8:45: GBP on the front foot
The British pound sterling (Currency:GBP) is looking firm on Monday morning:
The Pound to Euro exchange rate is 0.02 pct up on Friday night's closing rate at 1.1520.
The Pound to US dollar exchange rate is 0.09 pct higher at 1.5309.
The Pound to Australian dollar exchange rate is 0.11 pct higher at 1.7198.
The Pound to New Zealand dollar exchange rate is 0.6 pct higher at 1.9622.
Please Note: The above are wholesale spot market quotes. Your bank will affix their own discretionary spread. However, an independent FX provider is able to access the wholesale markets and offer you currency at a lower spread, thus delivering you more currency. Please learn more here.
8:21: UK Services PMI in a little over an hour
Monday starts off on a bang. Remember last week's great construction PMI release? The question now is whether the all-important services sector can also surprise us.
Craig Erlam from Alpari UK says:
"The UK services PMI is expected to improve again in July, hitting 57.4, up from 56.9 in June. As with the data out of the eurozone, the UK data has been extremely encouraging over the last four or five months. As I’ve pointed out previously though, with the global recovery still very fragile, we shouldn’t get carried away with this, although the signs are positive."
8:15: Forex markets to focus on PMI's
The key driver for the British pound and Euro early on Monday will be the release of PMI data.
Craig Erlam at Alpari says:
"The economic calendar isn’t necessarily looking as full as last week, but there’s still plenty for the markets to get their teeth stuck into, starting this morning with the release of the services PMIs in the eurozone for July. While many of these are revised figures, we do regularly see some significant revisions which can have a real impact on the markets.

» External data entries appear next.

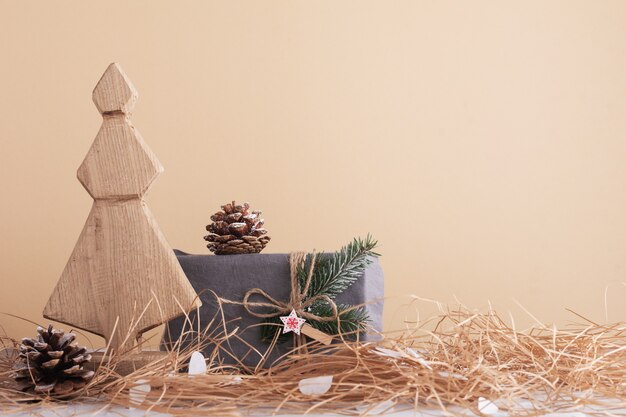 Dekorative Geschenke aus dekorativem Weihnachtsbaum, Kegel und Stoff aus Holz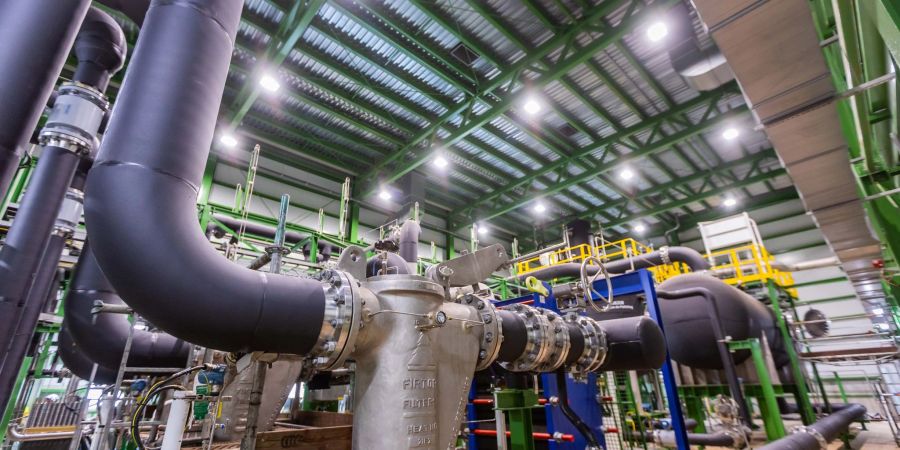 Die Produktionshalle der Pilotanlage für grünen Wasserstoff aus Sonnenstrom des spanischen Stromerzeugers Iberdrola südlich von Madrid.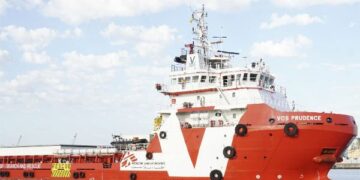 In arrivo nel Porto di Crotone la nave dei “Medici senza Frontiere” con a bordo 866 migranti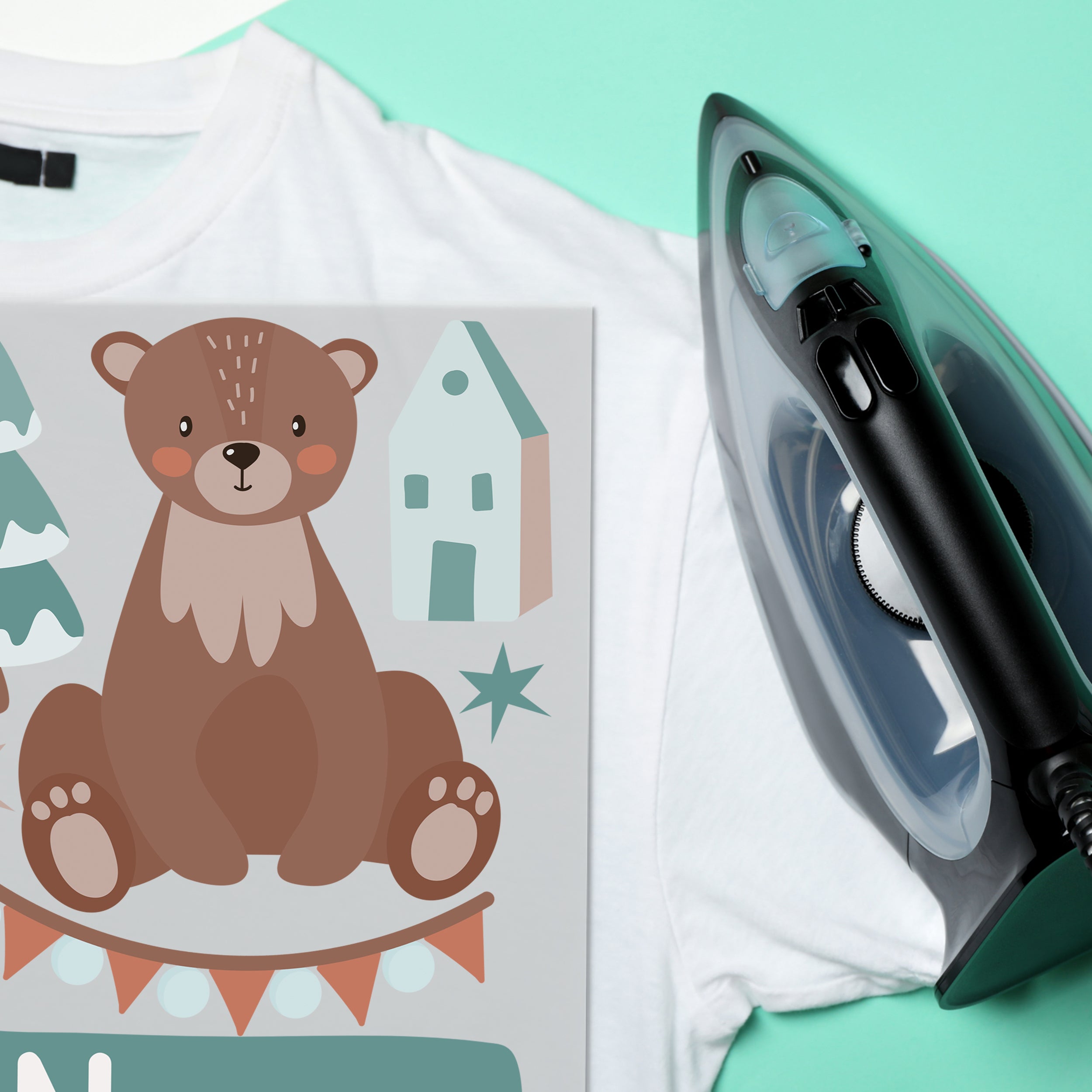 Bär-Motiv auf grauem Hintergrund, weiße T-Shirt, Dampfbügeleisen.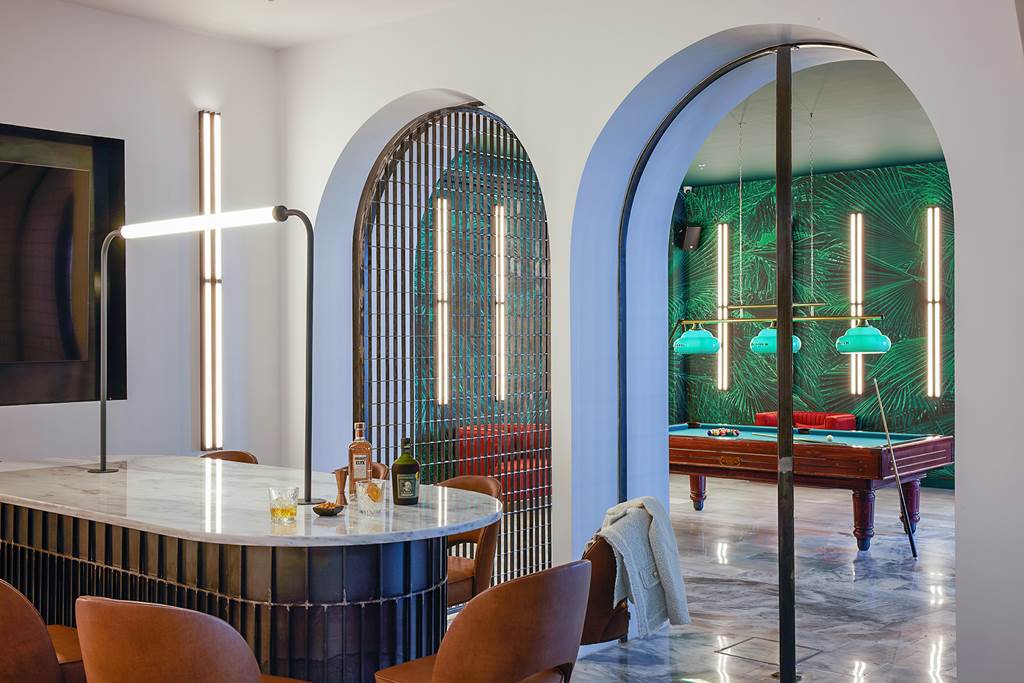 SKG_74441_Kassandra_Palace_0623_03.jpg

"Recent surveys out of the eurozone have been very encouraging, with the majority either making the move into growth territory or coming very close. This is expected to remain the case today."
8:13: Overnight, tentatively improved Industrial Trends data released
Further confirmation of the positive trajectory being seen in the UK economy from the CBI Industrial Trends Survey which was released at midnight:
The UK CBI Industrial Trends Survey revealed that orders contraction slowed down to -12 in July, from -18 registered in June. This result is in line with consensus.
"Despite another disappointing quarter for small and medium-sized manufacturers, with output continuing to fall, optimism about the general business situation has risen for the first time since spring last year," said Anna Leach, Head of Economic Analysis at CBI.
"But manufacturers remain concerned about the impact of political and economic conditions overseas on external demand, reflecting on-going uncertainty about the global economic outlook," Leach noted.